The VAT exemptions could encourage more businesses to formalise, attract greater private investment into technology and creative ventures, and improve Bangladesh's competitiveness in the regional digital economy. More broadly, the measures acknowledge a fundamental shift in the nature of economic growth.
The budget is relatively systematic in outlining a plan. A feasibility study is to be fast-tracked for a 160-acre, world-class Central Creative Hub in Dhaka's Purbachal under a public-private partnership model, alongside a 10-year investment plan to extend creative hubs to divisional, district and upazila levels through the Shilpakala and Shishu academies. Universities are also set to receive innovation hubs.
As artificial intelligence, digital platforms and remote work reshape global labour markets, future employment opportunities are increasingly emerging in knowledge-intensive and creativity-driven sectors. If complemented by improvements in skills development, intellectual property protection and access to finance, these incentives could help nurture an ecosystem in which Bangladeshi creators, software developers, designers and content producers can compete not only in the domestic market but also internationally.
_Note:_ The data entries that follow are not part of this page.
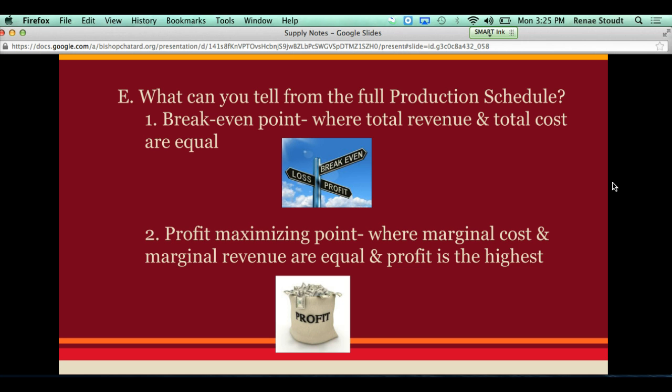That's all the notes I needed to give you. Please watch the next video on adding the last three columns to your production schedule — that will cover adding total revenue, marginal revenue, and profit or loss. Let me know if you have any questions.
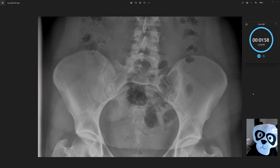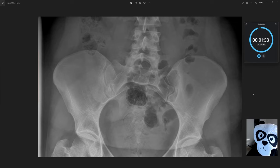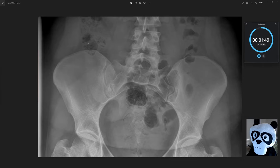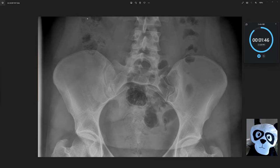Here we have an AP upright view of the lower abdomen. Looking at our bowel gas, we can see the cecum over here in the right lower quadrant as it continues as the ascending colon.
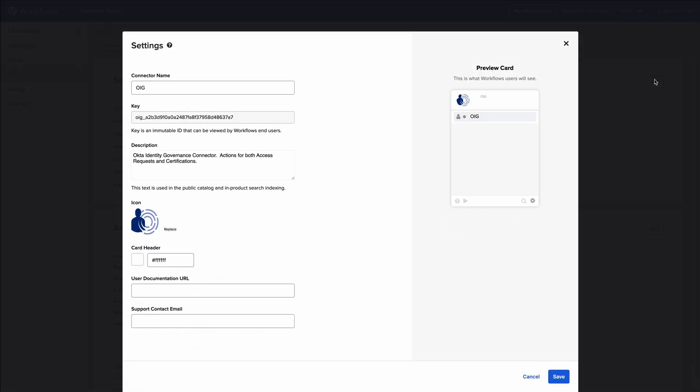The Settings page displays the basics of the branding for your connector. It allows you to control how your connector looks when it appears in the catalog by updating basic connector information like name, description, logo, and card color.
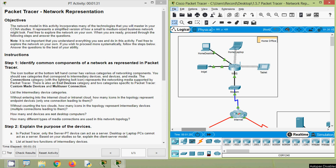Hi friends, welcome. In this video we are going to discuss the new CCNA version 7 Packet Tracer activity: network representation. Here we will go through the objectives of this Packet Tracer activity. The network model in this activity incorporates many of the technologies that you will master in your CCNA studies. It represents a simplified version of how a small to medium-sized business network might look.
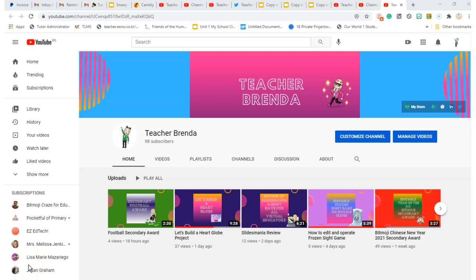Hello, my name is Teacher Brenda and I have created this channel to help teachers understand what Bitmoji is, how to use it in a classroom, and how to understand technology in the classroom. I am a teacher as well.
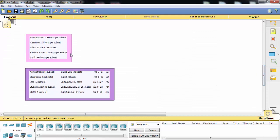The Administration department has 20 hosts and needs 20 IP addresses. Classrooms need 5, Labs need 30, Student Accommodation needs 130, and Staff needs 400 total.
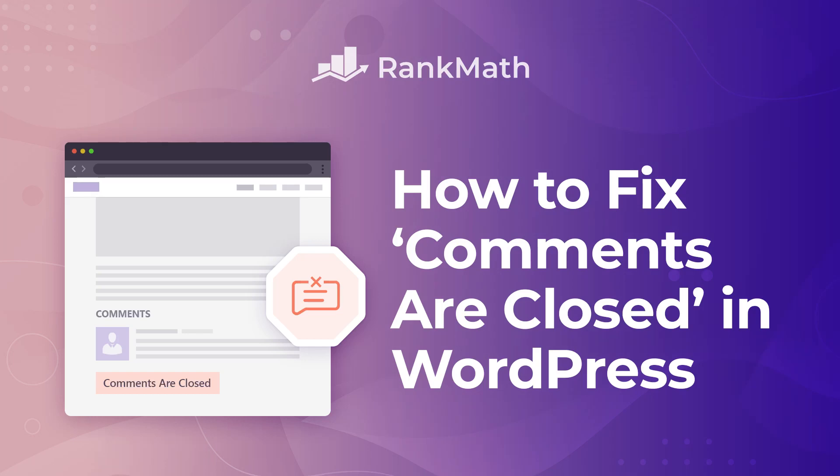Hi, I'm Kate, and in this video you'll learn how to easily fix the Comments are closed warning in WordPress.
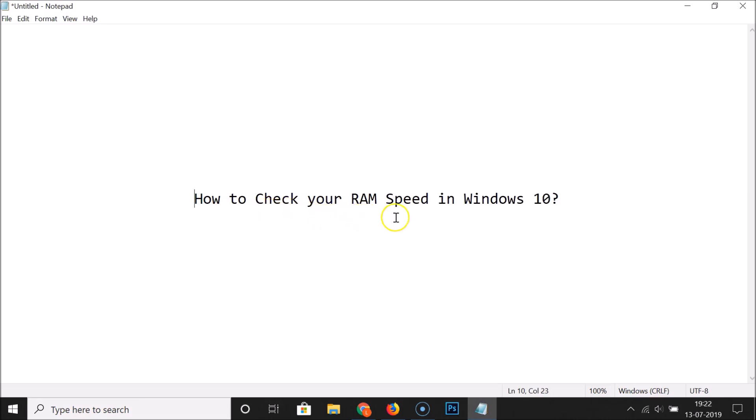This is how you can easily check your RAM speed in Windows 10. Thanks for watching — if you like my videos, please support this channel by subscribing. Thanks, bye!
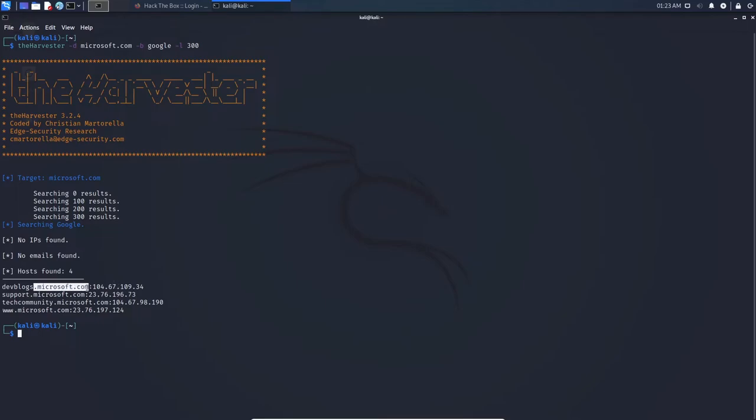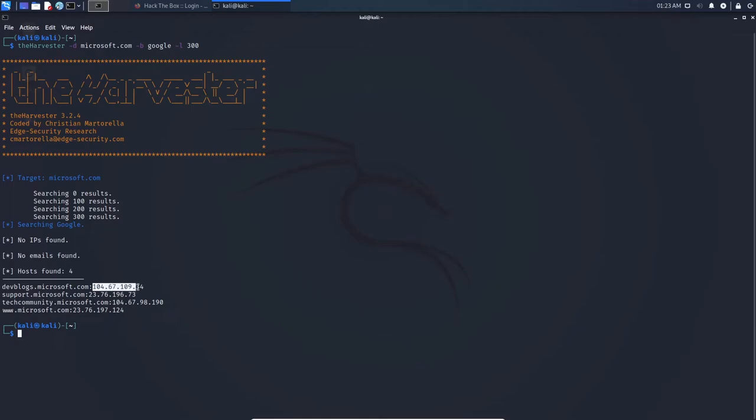So we can see that there's devblogs.microsoft.com, support.microsoft.com, community.microsoft, and so on, and even corresponding IP addresses. So this is a great tool at determining different subdomains, emails and domains to find more details on a target.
More importantly, the budget reflects a broader shift in policy thinking — recognising that future economic growth may come as much from ideas, digital products and intellectual property as from traditional industries.
Where the plan is thin
Yet enthusiasm should be tempered by arithmetic. At current GDP levels, a target of 1.5% implies a sector worth roughly Tk82,500 crore — nearly nine times today's output, with the goalpost receding as the economy grows. Against that destination, Tk800 crore is seed money: less than one-tenth of 1% of the national budget.
The deeper gap is structural. The industry remains profoundly informal — with no pensions, little professional protection, and perhaps only 5% of musicians able to treat their craft as a full-time profession. The rest are pushed into second jobs or out of the field altogether. Intellectual property is the core asset class of this economy, yet Bangladesh's IP enforcement remains notoriously weak.
Nor is there, as yet, a task force or a published national strategy. India's school labs arrived after four years of task-force preparation. The "master plan" referenced by the finance minister must become a public, costed and time-bound document. Otherwise, the list of hubs risks meeting the familiar fate of ADP projects parked under ministries that have been underfunded for decades and are not renowned for execution.
For the first time in its history, Bangladesh's orange economy has a dedicated place in the national budget. Judged as an initial response to the sector's potential, this budget is directionally correct, fiscally cautious and institutionally incomplete.
Whether it evolves into a genuine growth industry will depend on implementation and the effective execution of these new ideas.
Shadique Mahbub Islam is a journalist.